• _Web page caption snippets_

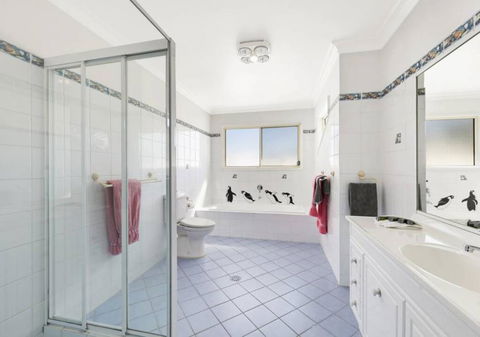 Shelly Beach Family Hideaway - Pool, Beach, Golf - Accommodation Port Macquarie 2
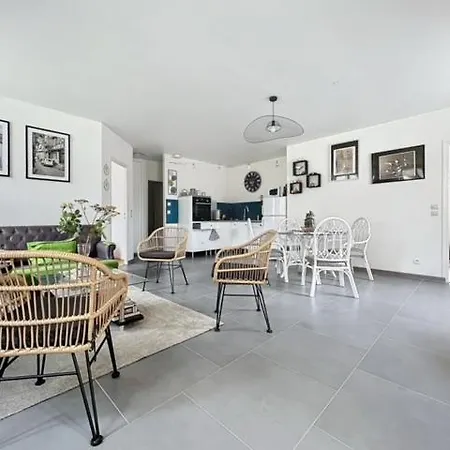 Jadis, L'ecole De Maisy, Port Et Au Bout De L'avenue בית נופש גראנדקמפ-מייס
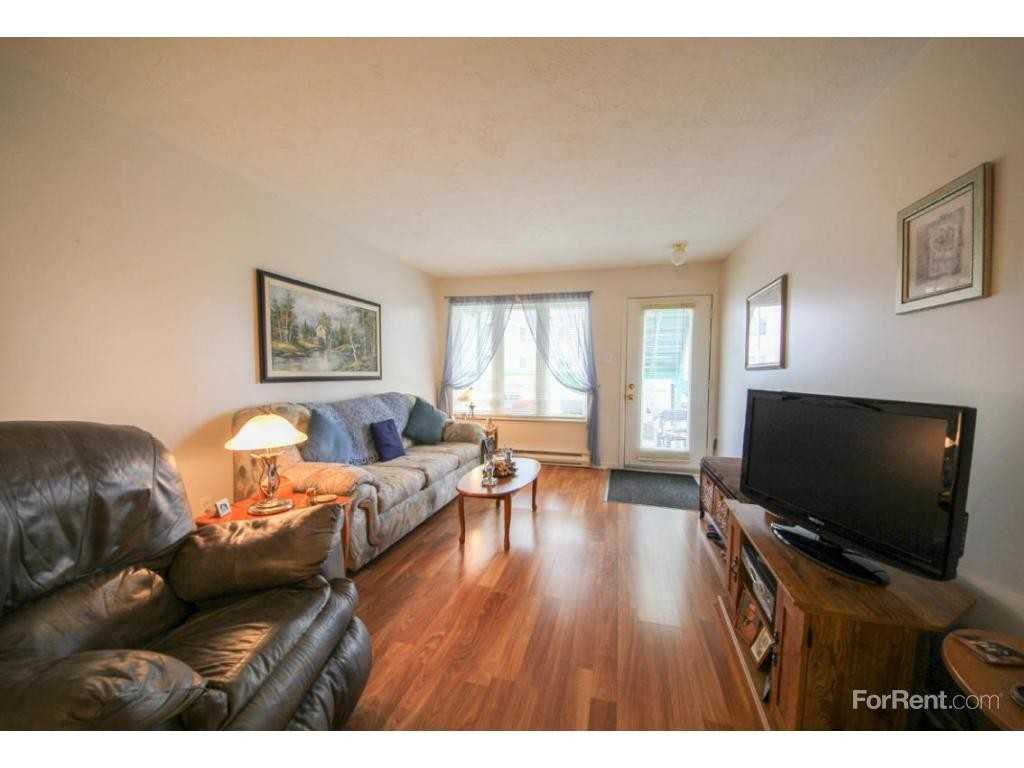 364-368 Gauvin Road - Photo 2 of 8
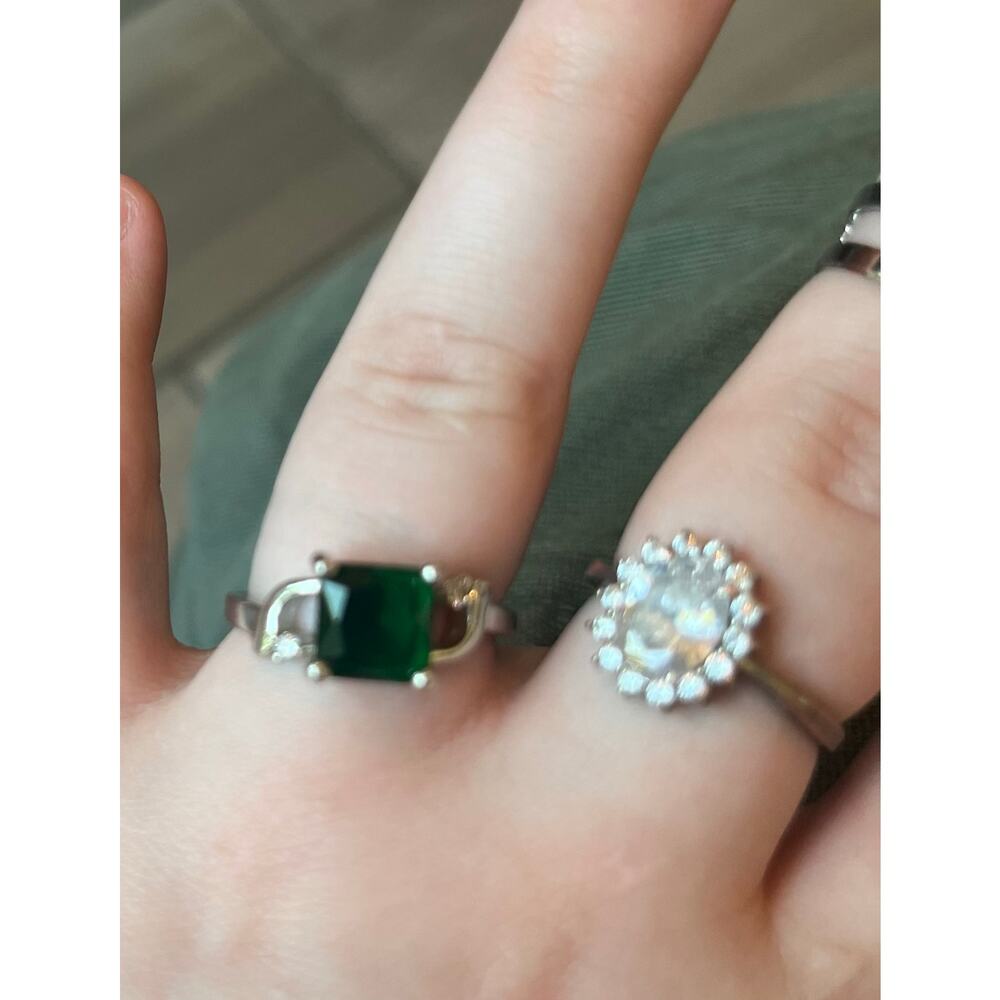 Simulated emerald ring - Picture 3 of 8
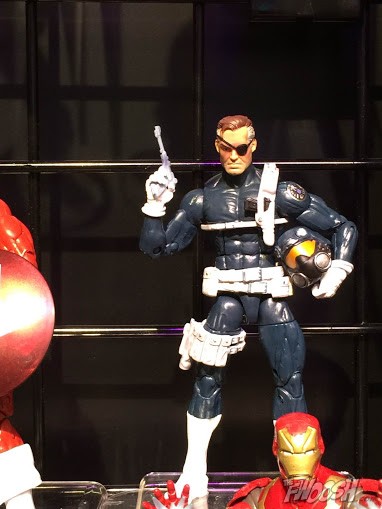 Toy Fair ’16: Captain America Legends Civil War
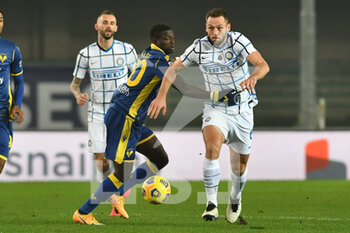 2020-12-23 - Ebrima Colley (Verona) e Stefan De Vrij (Inter) - HELLAS VERONA VS FC INTERNAZIONALE - ITALIAN SERIE A - SOCCER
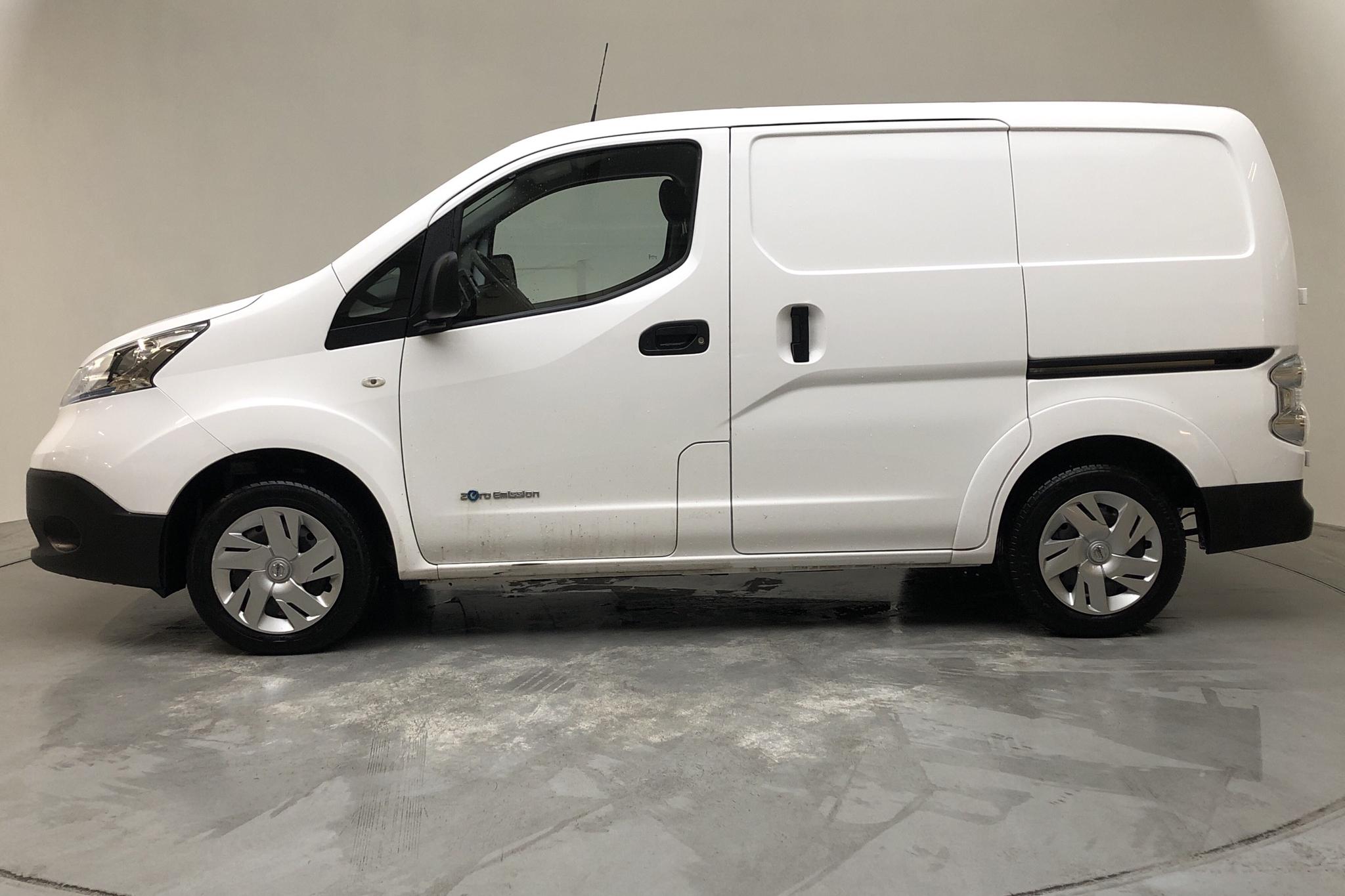 Nissan e-NV200 40,0 kWh (109hk) - 23 530 km - Automatic - white - 2020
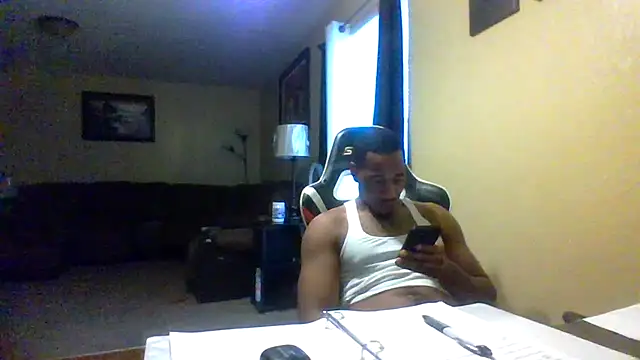 Snapshot of KingDes55 chatting on May 2026 02:00:01 PM KingDes55 online show from May 2026 02:00:01 PM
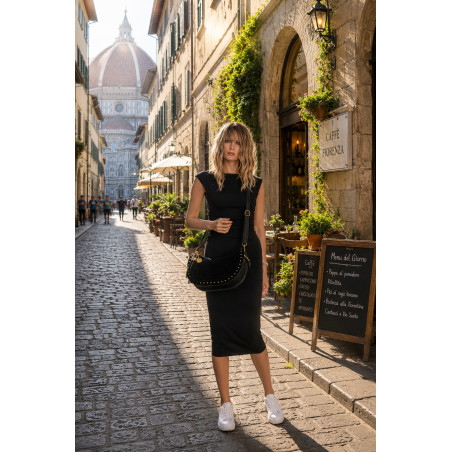 Torebka damska półksiężyc frędzle ćwieki na ramię elegancka CC3543 Czarna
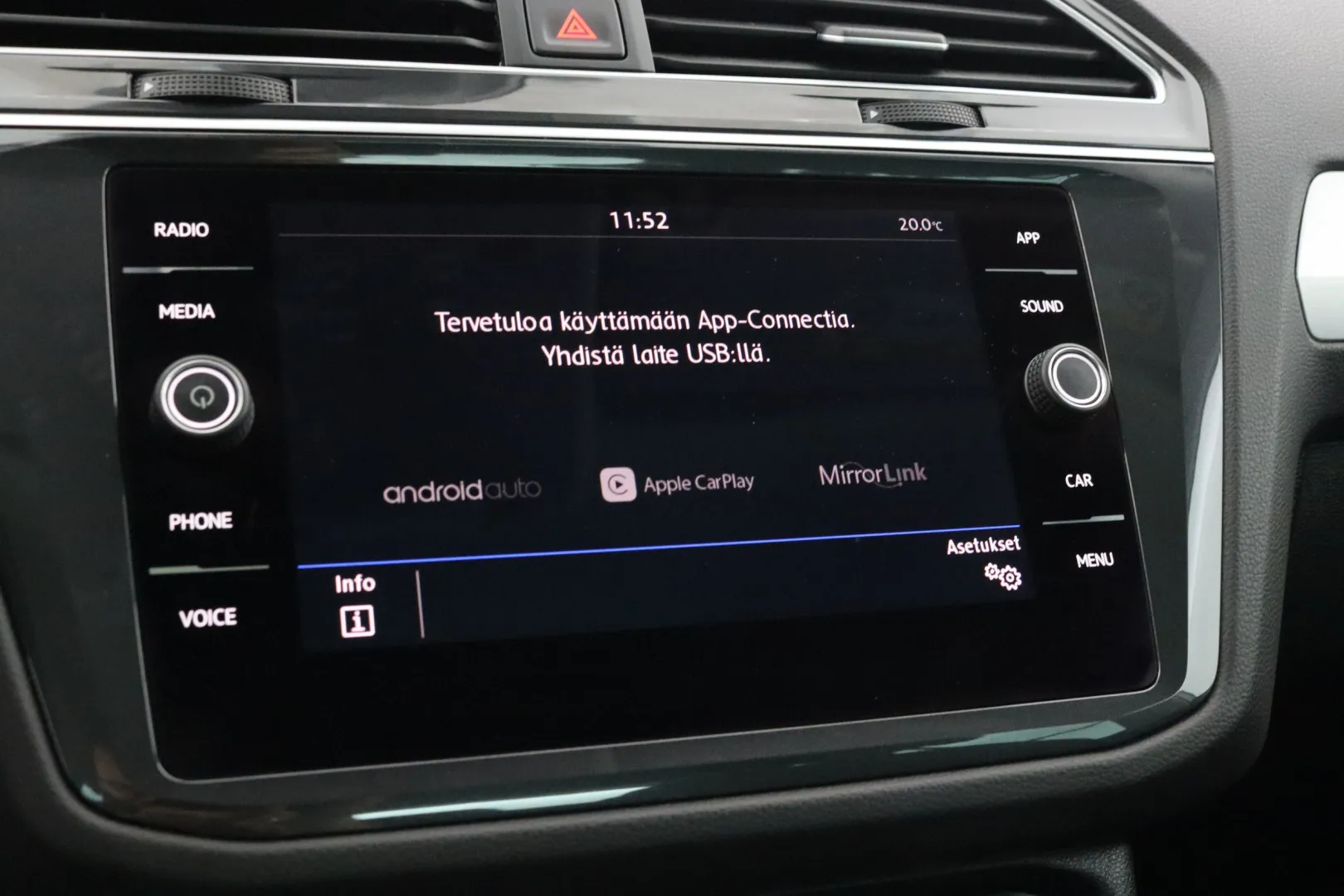 VOLKSWAGEN Tiguan BVO-341 carousel image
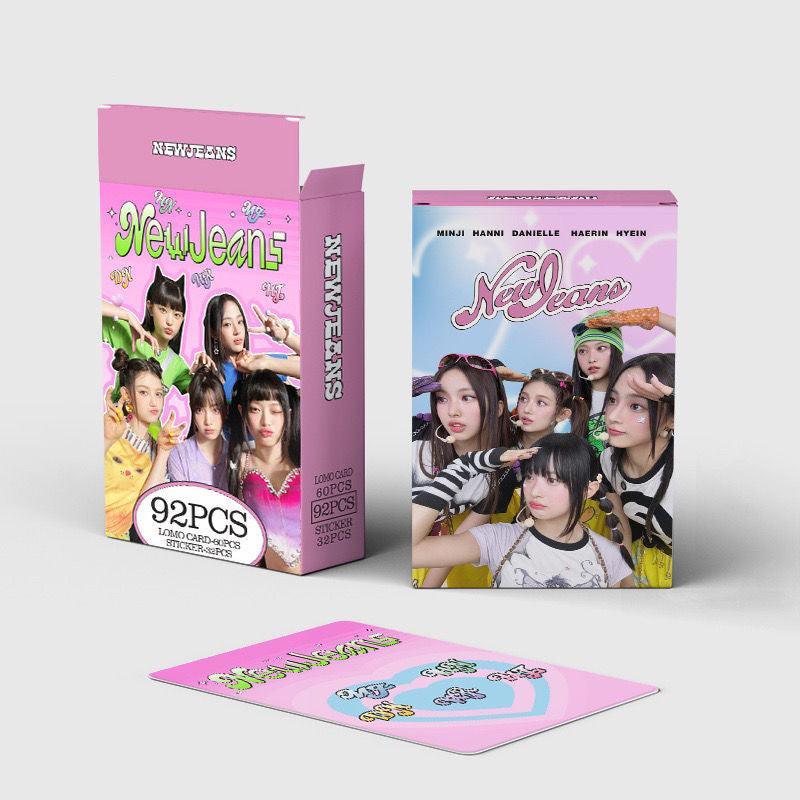 KIT 92 TEILE (60 FOTOKARTEN + 32 STICKER) NEWJEANS GET UP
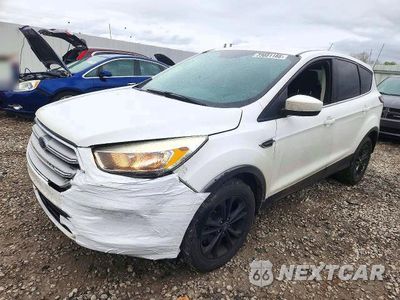 2017 FORD ESCAPE SE 1FMCU9GD2HUC22263 - główne zdjęcie licytacji z USA - miniatura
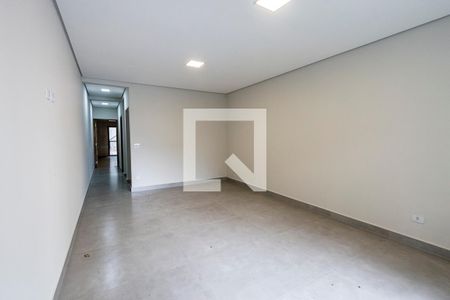 Casa à venda com 3 quartos, 250m² em Vila Ipojuca, São Paulo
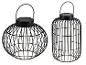 Deux lanternes solaires décoratives en métal noir, une sphérique et une cylindrique.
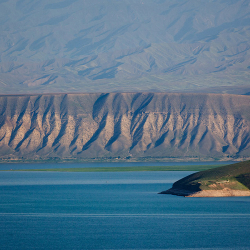 Казахстан получает из Кыргызстана половину согласованного объема воды из-за ее дефицита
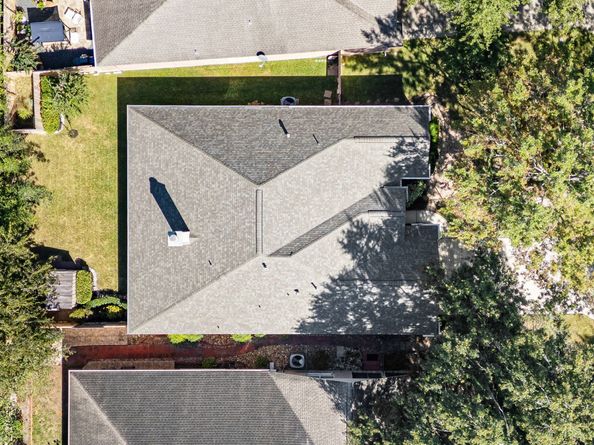 183 Victoria Glen Drive, The Woodlands TX 77384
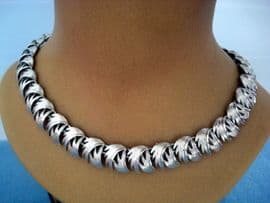 1960s - 1970s Vintage Necklace - Silver Leaves Effect (SOLD)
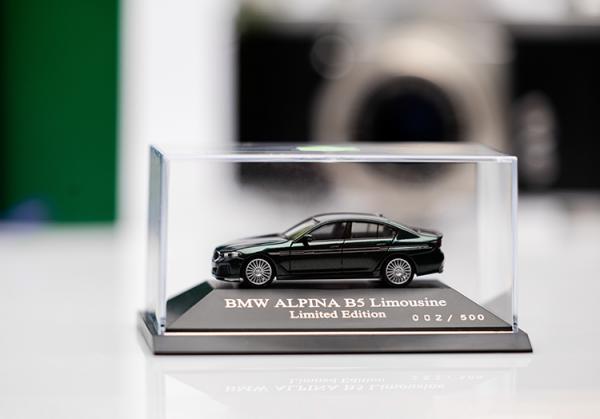 ALPINA Scale Model BMW ALPINA B5 Sedan (G30), Green, 1:87, Limited Edition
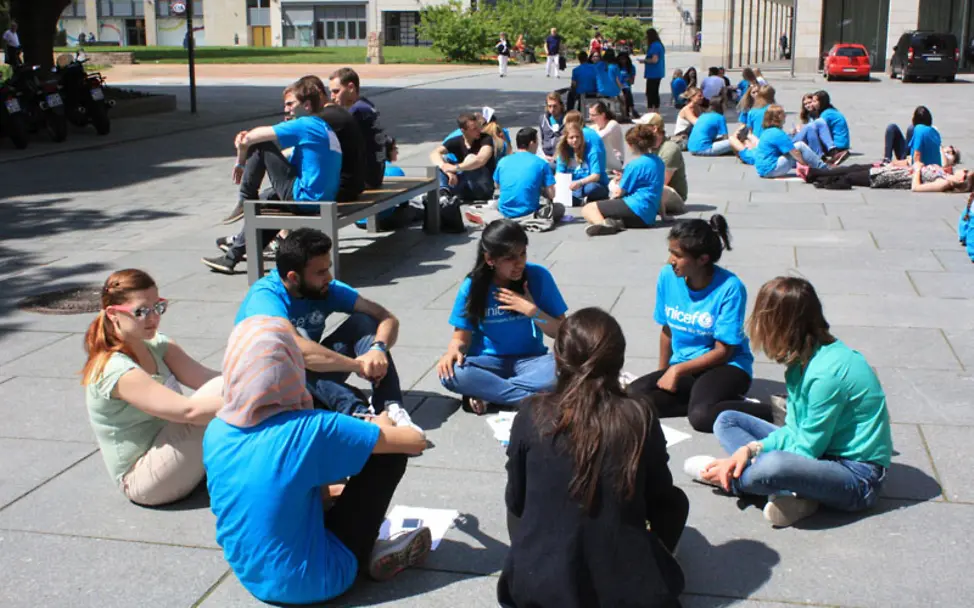 Studenten beim UNICEF-Hochschulgruppenworkshop in Dresden.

• _WORK INSTRUCTIONS_
Working down from the line with "KIT 92 TEILE", copy each line exactly until the last line of the entries, which is also included. Omit the pictures.

• _TASK RESULT_
 KIT 92 TEILE (60 FOTOKARTEN + 32 STICKER) NEWJEANS GET UP
 2017 FORD ESCAPE SE 1FMCU9GD2HUC22263 - główne zdjęcie licytacji z USA - miniatura
 Casa à venda com 3 quartos, 250m² em Vila Ipojuca, São Paulo
 Deux lanternes solaires décoratives en métal noir, une sphérique et une cylindrique.
 Казахстан получает из Кыргызстана половину согласованного объема воды из-за ее дефицита
 183 Victoria Glen Drive, The Woodlands TX 77384
 1960s - 1970s Vintage Necklace - Silver Leaves Effect (SOLD)
 ALPINA Scale Model BMW ALPINA B5 Sedan (G30), Green, 1:87, Limited Edition
 Studenten beim UNICEF-Hochschulgruppenworkshop in Dresden.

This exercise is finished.